- **PROBLEM TO WORK ON**:
Please set down, with no changes, every line of the material below from the one containing "Black cushion with" through the end. Skip the pictures.

- **DATA**:

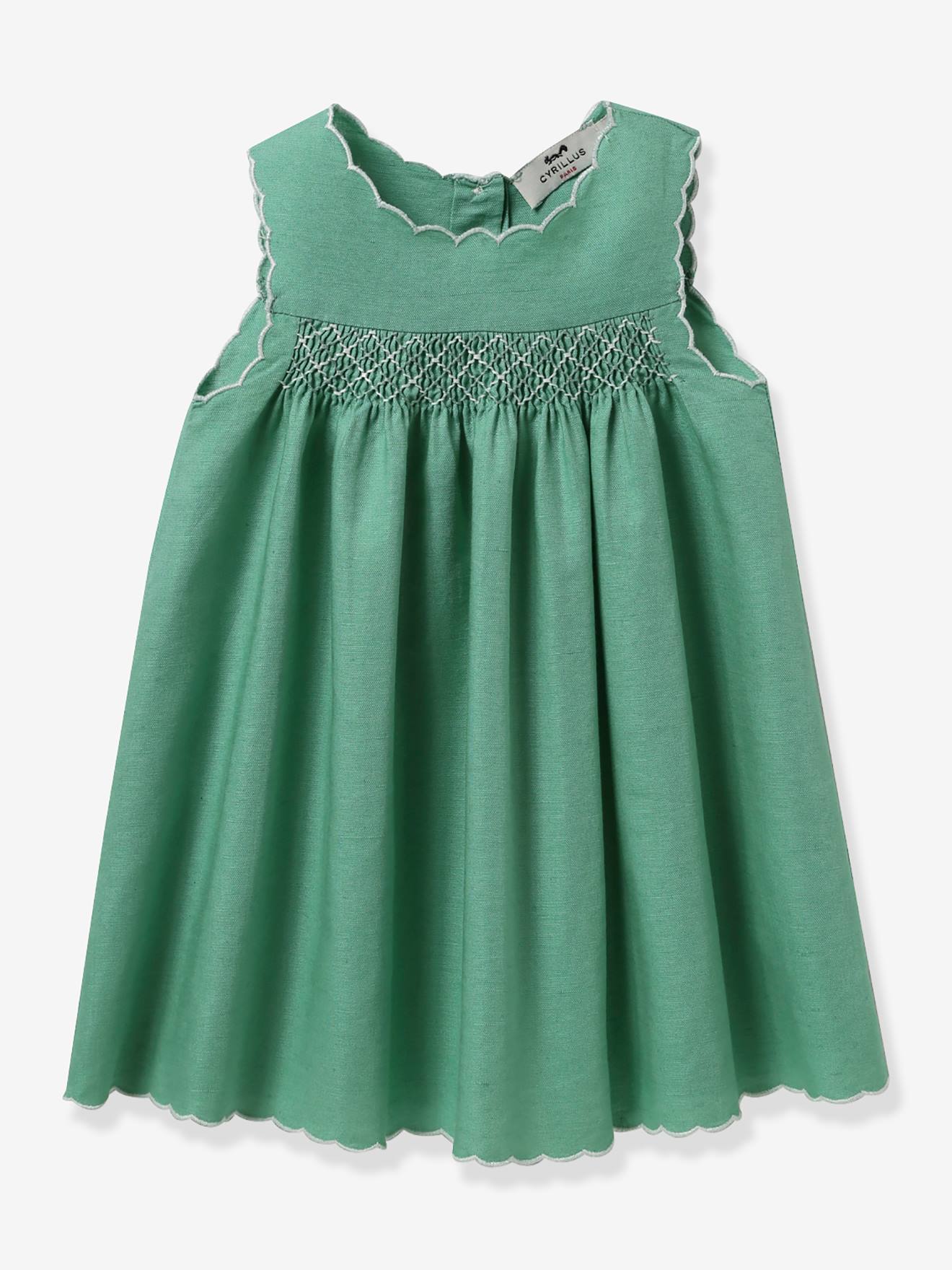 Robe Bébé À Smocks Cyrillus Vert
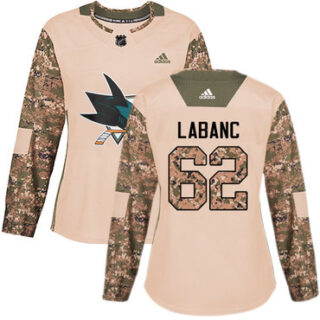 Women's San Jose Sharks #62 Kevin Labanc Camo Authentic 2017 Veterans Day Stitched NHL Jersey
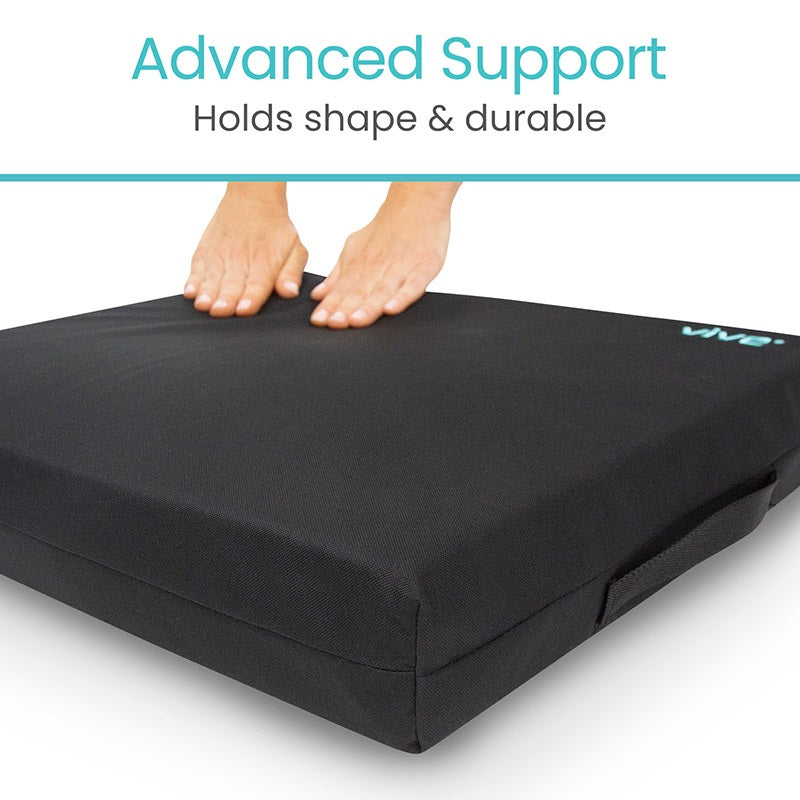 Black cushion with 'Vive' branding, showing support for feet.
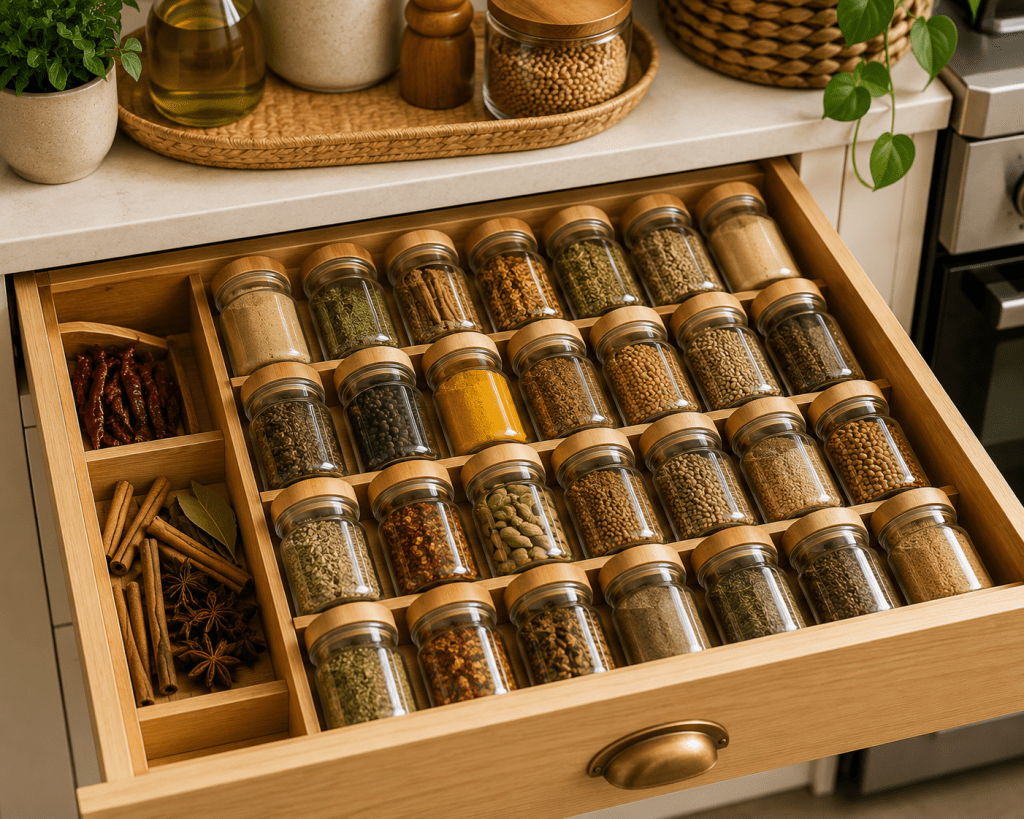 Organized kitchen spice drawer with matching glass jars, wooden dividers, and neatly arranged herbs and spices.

- **EXPECTED OUTPUT**:
 Black cushion with 'Vive' branding, showing support for feet.
 Organized kitchen spice drawer with matching glass jars, wooden dividers, and neatly arranged herbs and spices.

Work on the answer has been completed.